> **WHAT IS EXPECTED**:
Take the lines from the one with "防滑金属民谣吉他尾钉金银色黑色" through the last line of the material below and write them out exactly, without any pictures.

> **INFORMATION GIVEN**:
--*--
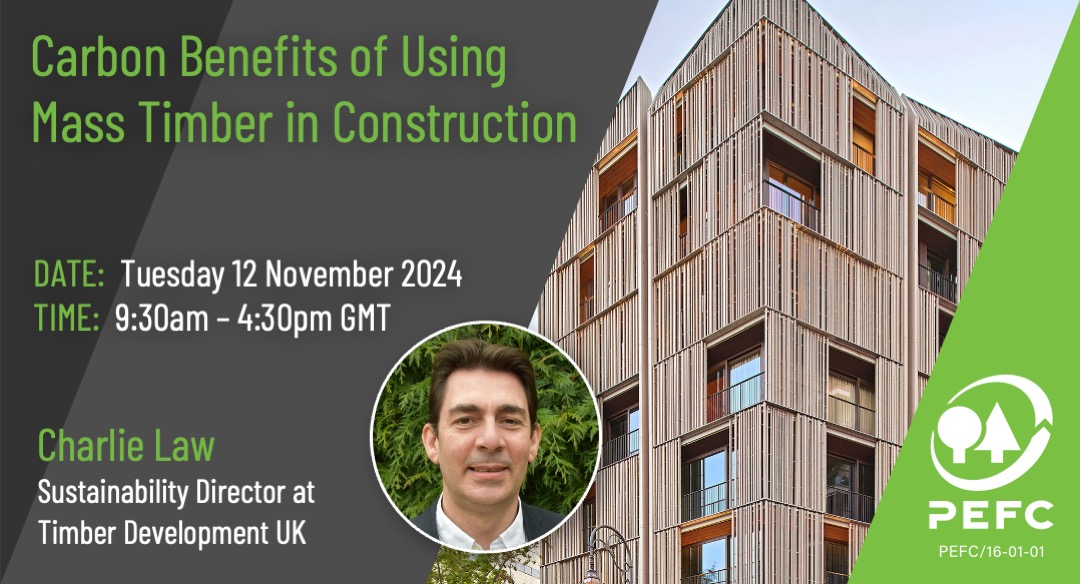 PEFC UK (@pefc_uk) on Twitter photo 🌍 Carbon Benefits of Mass Timber 🌳
Excited to hear Charlie Law from <a href="/TimberDevUK/">Timber Development UK</a> discuss how #MassTimber can cut your project’s carbon footprint and support #NetZero goals! 💚
Join us at the @PEFCUK event on 12th Nov to learn more.
🔗 Register now: ow.ly/15av50TMsXy 🌍 Carbon Benefits of Mass Timber 🌳
Excited to hear Charlie Law from <a href="/TimberDevUK/">Timber Development UK</a> discuss how #MassTimber can cut your project’s carbon footprint and support #NetZero goals! 💚
Join us at the @PEFCUK event on 12th Nov to learn more.
🔗 Register now: ow.ly/15av50TMsXy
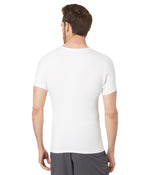 SPANX for Men Cotton Spandex V-Neck T-Shirt for Men - Cotton-Elastane Blend Fabrication - Opaque Construction Bright White 2XL One Size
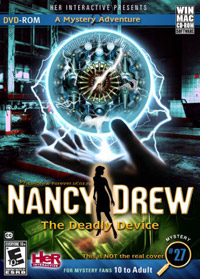Nancy Drew: The Deadly Device (PC cover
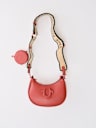 LOGO STRAP HOBO BAG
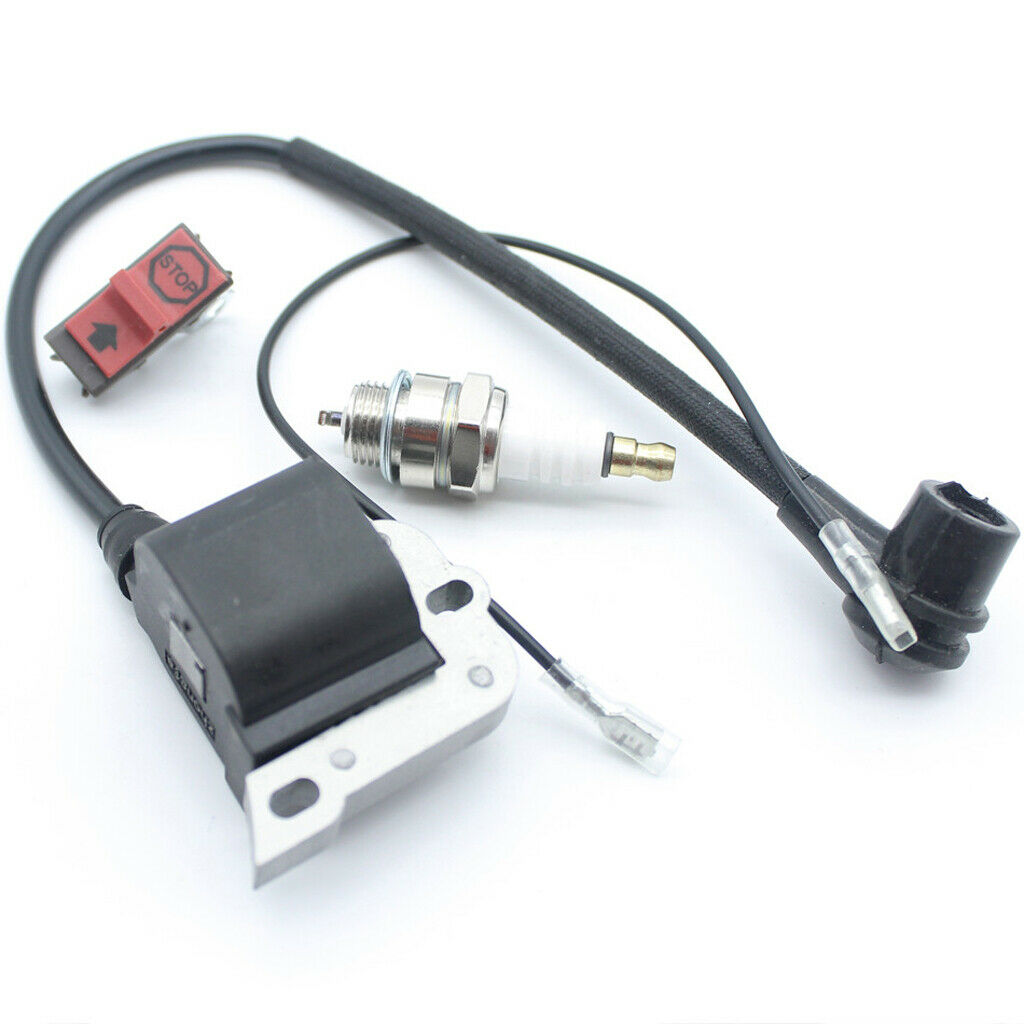 Ignition Coil Spark Plug Stop Switch Kit For  Chainsaw Replacement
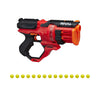 Nerf Rival - Roundhouse XX-1500 Red Blaster - Clear Rotating Chamber + 15 rounds
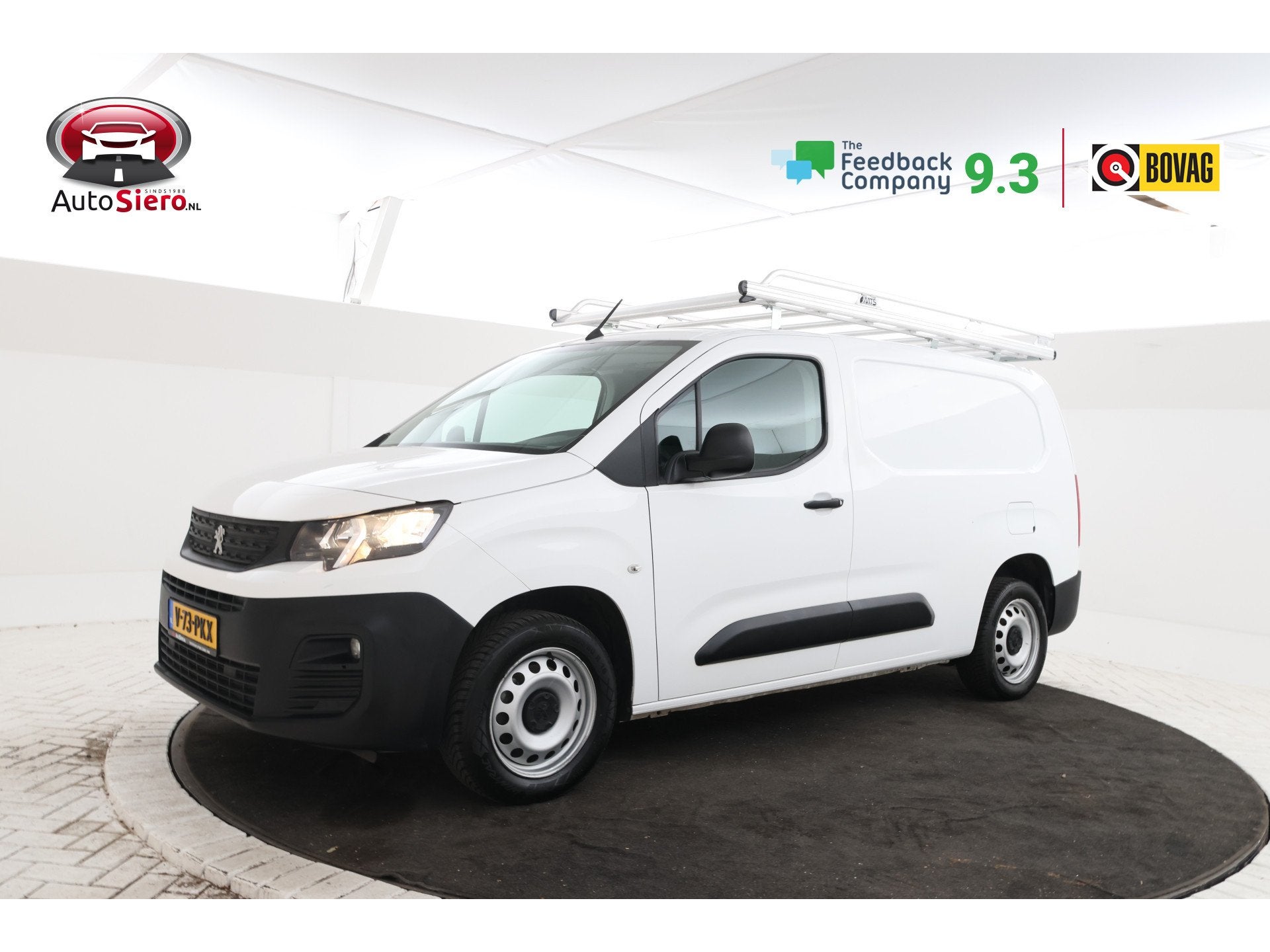 Peugeot Partner 1.5 BlueHDI Pro Long Imperial, Apple carplay, Auto's, Voorwielaandrijving, Stof, Gebruikt, Euro 6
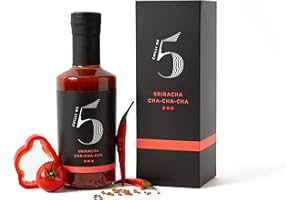CHILLI NO. 5 Chilli No.5 | Sriracha Cha Cha Cha, Sauce Piquante d’Asie du Sud-Est, Végan, Sans Gluten, Sans Colorants ni Arômes Artificiels, Bouteille de 200 Millilitres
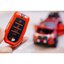 เคสโลหะเคฟล่ารีโมทรถ Toyota Fortuner GR Sport แบบ 2 ชั้น รุ่นถอดกุญแจในรีโมทได้ (Black Red Kevlar Alloy & Silicone Sleeve) Toyota Key Sets Model Fortuner Legender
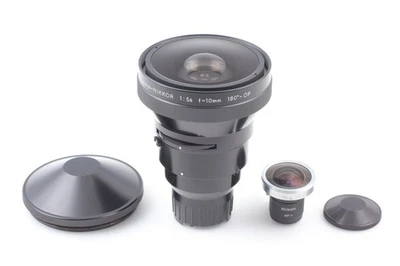 COMO NUEVO Nikon Nippon Kogaku Fisheye-Nikkor 10mm f5.6 180°-OP Lente DF-1... - Imagen 1 de 4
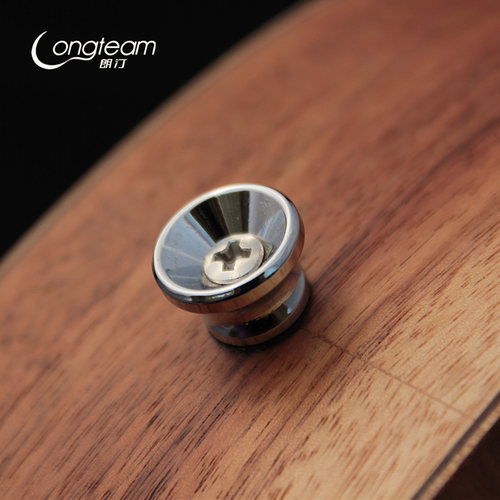 防滑金属民谣吉他尾钉金银色黑色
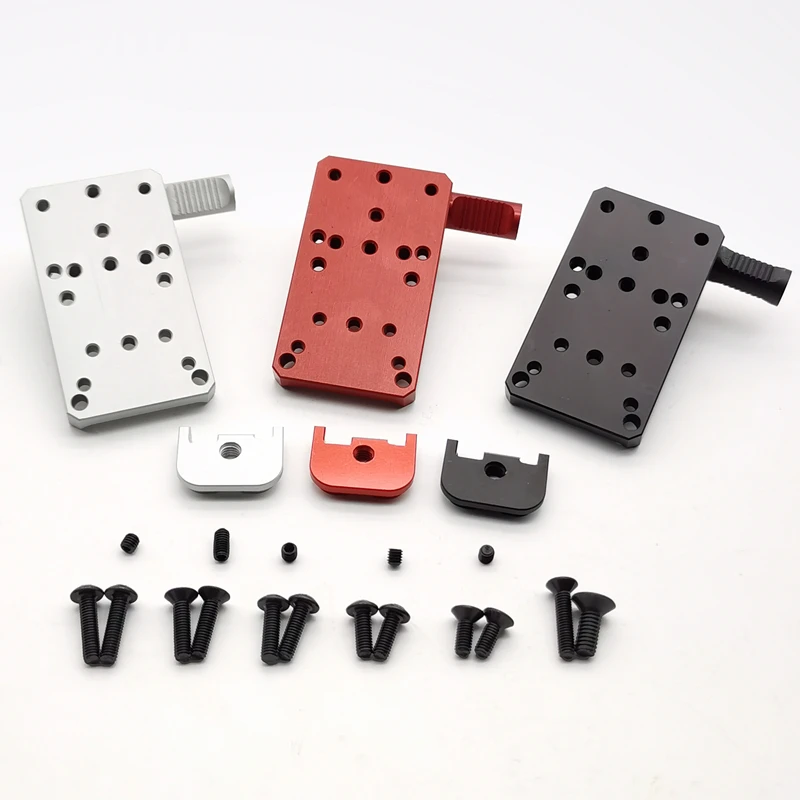 Universal Glock Rear Sight Mount, RMR Docter, ROMEO3 SRO, Ponto Vermelho, Âmbito Reflex, Mount Plate Base, 17, 19, 22, 23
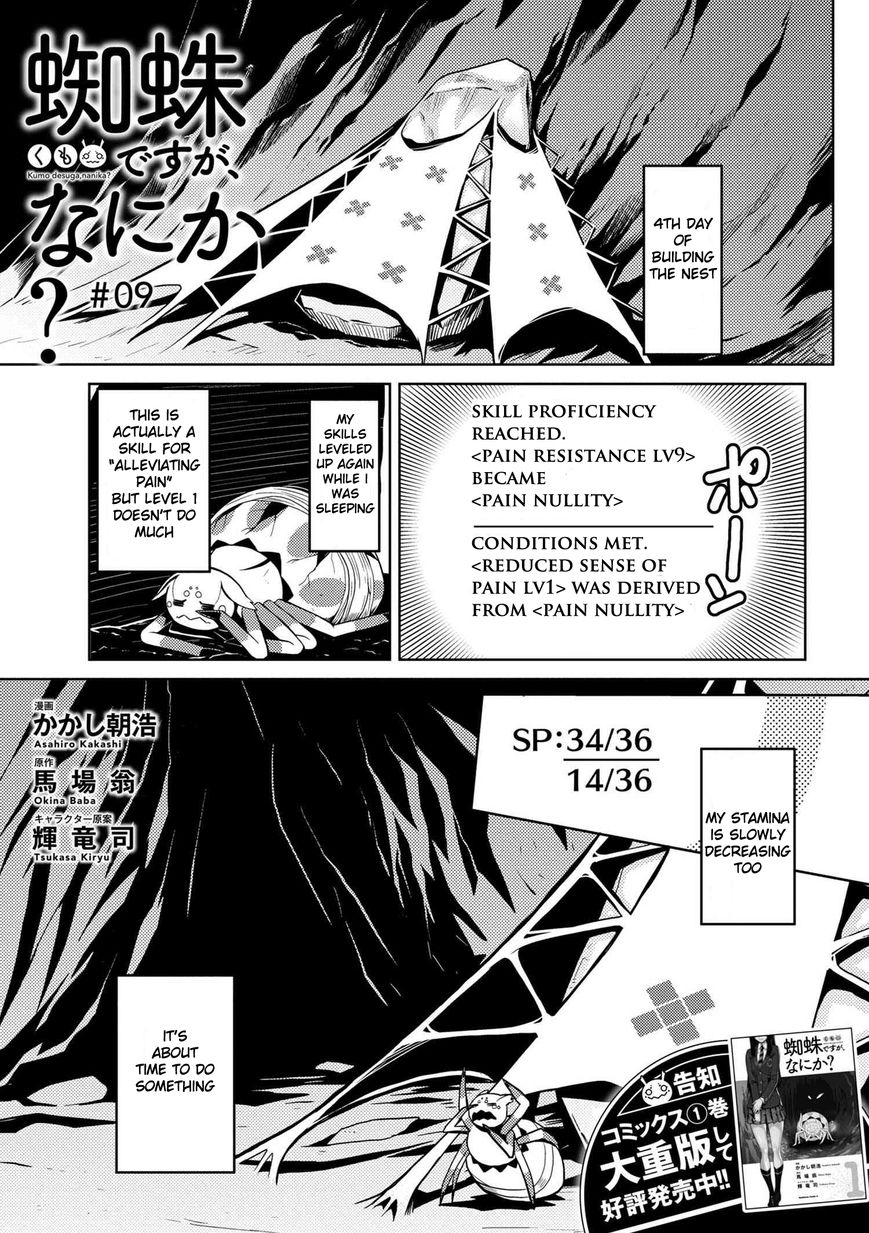 Kumo desu ga, nani ka? Chapter 9 page 1 - Chapter 9
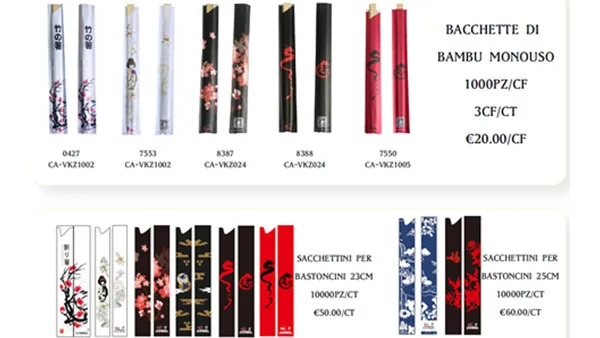 Bamboo Sushi Tensoge Chopsticks Chinese disposable bamboo Chopsticks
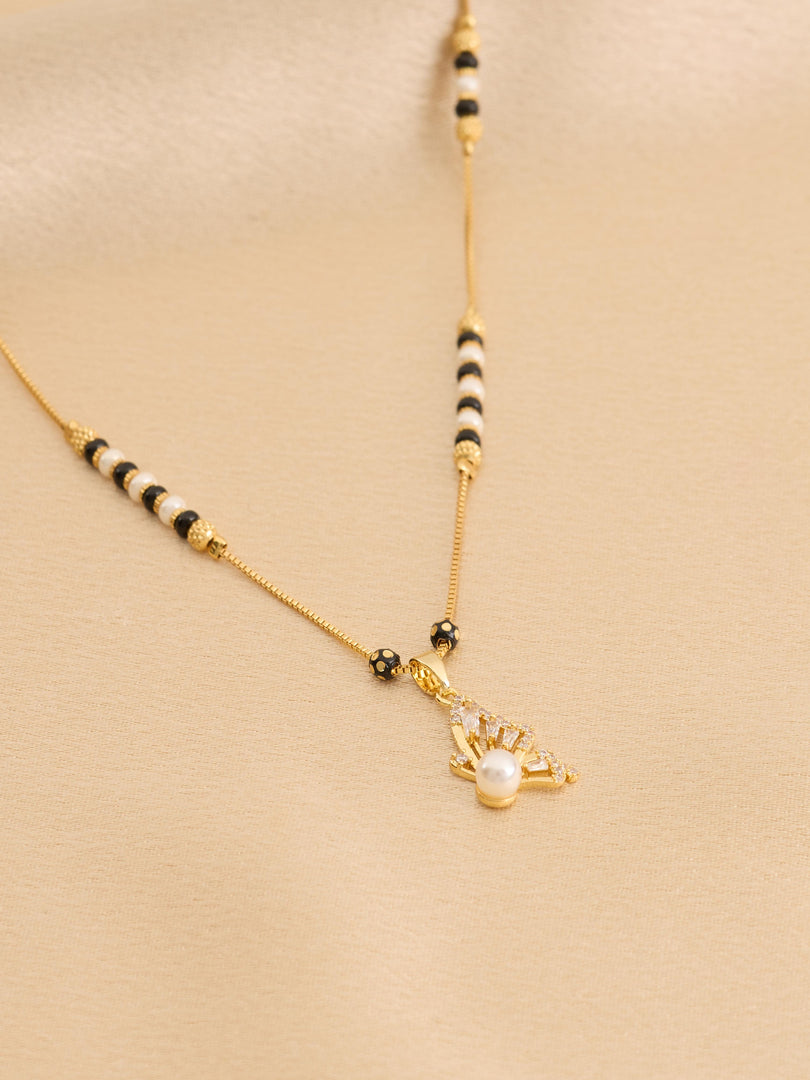 Butterfly Diamond Mangalsutra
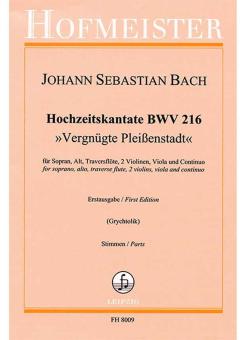 Hochzeitskantate Vergnügte Pleißenstadt BWV 216 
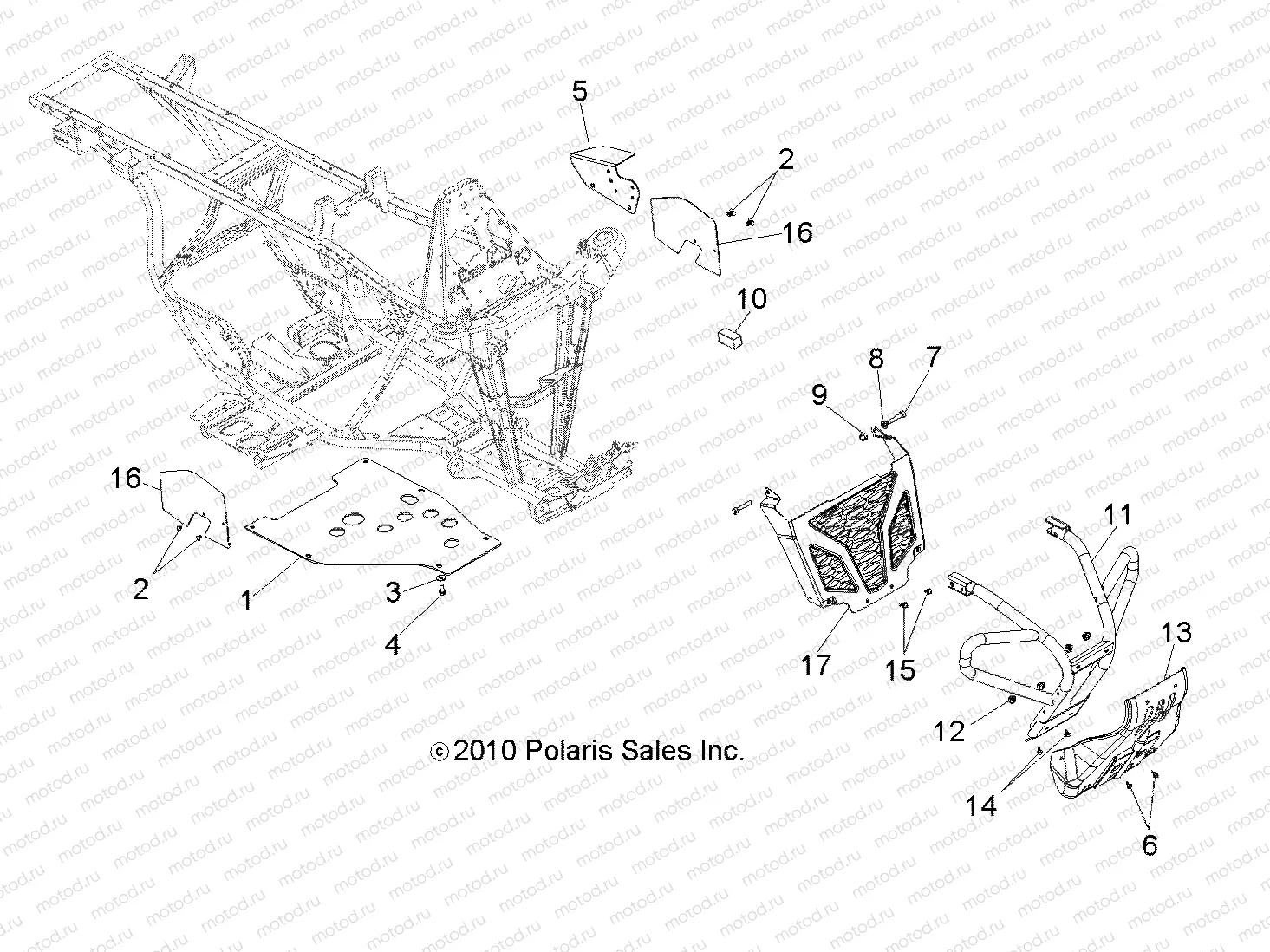 CHASSIS | CHASSIS, FRONT BUMPER - A11NG50AA (49ATVBUMPER11SCRAM)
--*--
> **RESPONSE TO THE TASK**:
 防滑金属民谣吉他尾钉金银色黑色
 Universal Glock Rear Sight Mount, RMR Docter, ROMEO3 SRO, Ponto Vermelho, Âmbito Reflex, Mount Plate Base, 17, 19, 22, 23
 Kumo desu ga, nani ka? Chapter 9 page 1 - Chapter 9
 Bamboo Sushi Tensoge Chopsticks Chinese disposable bamboo Chopsticks
 Butterfly Diamond Mangalsutra
 Hochzeitskantate Vergnügte Pleißenstadt BWV 216 
 CHASSIS | CHASSIS, FRONT BUMPER - A11NG50AA (49ATVBUMPER11SCRAM)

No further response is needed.